New professor for Art and Film as of 1.3.2024: Emily Wardill
We warmly welcome Emily Wardill (Univ.prof. § 98 Art and Film at the Institute for Fine Arts) to the Academy of Fine Arts Vienna!
Emily Wardill's practice spans film, video, sculpture, photography and installation. It has been an ongoing enquiry into the imagined image – what it is, what it has been used for and how it leaves indelible motes and shrapnel behind it. This has taken her from examples of entropy to case studies on risk detailing fires attributed to paranormal activity. It has travelled from psychoanalytical case studies on negative hallucination to memory palaces and their relationship to colourless vision. From stained glass as an early device to communicate with the illiterate to the filmic technique of 'day for night' - reversing it to reflect on technological vision, performed gender and imagined utopias.
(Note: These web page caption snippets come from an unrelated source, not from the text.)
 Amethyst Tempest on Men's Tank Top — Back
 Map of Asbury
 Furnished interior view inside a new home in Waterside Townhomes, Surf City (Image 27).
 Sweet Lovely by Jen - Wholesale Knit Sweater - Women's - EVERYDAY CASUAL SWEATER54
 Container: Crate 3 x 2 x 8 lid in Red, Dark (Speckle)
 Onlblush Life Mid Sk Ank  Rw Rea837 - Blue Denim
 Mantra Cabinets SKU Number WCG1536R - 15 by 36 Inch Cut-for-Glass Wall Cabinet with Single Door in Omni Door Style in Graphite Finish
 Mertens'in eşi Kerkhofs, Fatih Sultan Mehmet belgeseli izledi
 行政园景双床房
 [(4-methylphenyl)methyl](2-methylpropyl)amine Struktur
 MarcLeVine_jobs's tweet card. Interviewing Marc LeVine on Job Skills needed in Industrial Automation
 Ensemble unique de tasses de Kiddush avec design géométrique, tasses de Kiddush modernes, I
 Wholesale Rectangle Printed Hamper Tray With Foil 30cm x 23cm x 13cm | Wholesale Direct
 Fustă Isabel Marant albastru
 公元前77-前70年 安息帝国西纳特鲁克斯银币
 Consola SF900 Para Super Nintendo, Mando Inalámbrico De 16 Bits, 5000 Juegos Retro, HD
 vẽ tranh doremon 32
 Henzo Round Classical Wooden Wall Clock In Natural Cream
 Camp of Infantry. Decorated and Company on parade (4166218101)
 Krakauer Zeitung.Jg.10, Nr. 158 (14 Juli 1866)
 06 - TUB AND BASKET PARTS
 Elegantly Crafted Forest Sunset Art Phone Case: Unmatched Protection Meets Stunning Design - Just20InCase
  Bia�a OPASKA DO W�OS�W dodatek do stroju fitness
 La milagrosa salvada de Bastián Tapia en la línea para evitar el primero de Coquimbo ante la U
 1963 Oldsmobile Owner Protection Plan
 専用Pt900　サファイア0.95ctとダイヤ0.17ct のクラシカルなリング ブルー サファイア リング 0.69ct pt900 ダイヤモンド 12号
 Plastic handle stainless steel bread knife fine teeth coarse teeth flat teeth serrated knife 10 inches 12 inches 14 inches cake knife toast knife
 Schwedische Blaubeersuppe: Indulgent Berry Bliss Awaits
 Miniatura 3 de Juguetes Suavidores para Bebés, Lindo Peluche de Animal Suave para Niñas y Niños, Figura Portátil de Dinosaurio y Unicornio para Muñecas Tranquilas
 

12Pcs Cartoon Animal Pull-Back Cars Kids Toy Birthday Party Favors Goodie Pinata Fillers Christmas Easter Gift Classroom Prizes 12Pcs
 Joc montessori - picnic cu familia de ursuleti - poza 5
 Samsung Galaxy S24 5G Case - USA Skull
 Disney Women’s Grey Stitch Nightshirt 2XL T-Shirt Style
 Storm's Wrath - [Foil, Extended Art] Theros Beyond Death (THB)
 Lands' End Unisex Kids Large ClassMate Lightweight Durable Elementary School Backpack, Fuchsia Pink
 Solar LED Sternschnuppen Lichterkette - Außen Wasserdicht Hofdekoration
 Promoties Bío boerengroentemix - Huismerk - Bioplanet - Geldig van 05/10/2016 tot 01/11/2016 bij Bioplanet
Wardill’s work has been exhibited at KW, Berlin, Secession, Vienna, Gulbenkian Project Spaces, Lisbon, SMK , Copenhagen, de Appel arts centre, Amsterdam, List Centre MIT Boston, The ICA, London , The Serpentine Gallery, The Hayward Gallery, MUMOK Vienna; and MOCA, Miami. She has shown in the Berlinalle Forum Expanded and the New York and London Film festivals. Her work was awarded the Jarman Award in 2010, the Leverhulme Award in 2011 and the EMAF award in 2021. She participated in the 54th Venice Biennale, the 19th Sydney Biennale and GHOST 2565 Bangkok in 2022.
Wardill has taught at Malmo Art Academy, The University of the Arts Helsinki, Maumaus independent Study Programme, University of British Columbia , Central Saint Martins, Academy of Fine Arts Munich, School of the Art Institute Chicago, National Art School Sydney, Städelschule, Goldsmiths University & the CCA San Francisco.
Teaching has always been an important part of Wardill's work. She has developed courses with students that try to blur the distinction between thinking and making – putting reading 'onto it's feet' , performing close up analysis of single works of art or using practice itself as a model for thinking as a social body. Artist film making is imbricated within technology and it's relationship towards our own vision and consciousness. Film making necessitates collaboration and it's proximity to mainstream moving image provides a fertile space from which to create and divert. The intersection between art and film has always been a place where theory can test itself against fantasy, where the powerful to the displaced can tell their sides of the story, where industry influences and disorientates and makers kick against that. Film making is a part of structures of power that are reflected in sight lines of who gets to see whom and where perspectives can be highlighted and shifted. That artists have the dexterity to use this medium which is much younger than painting or sculpture has a fascinating provenance and an important future.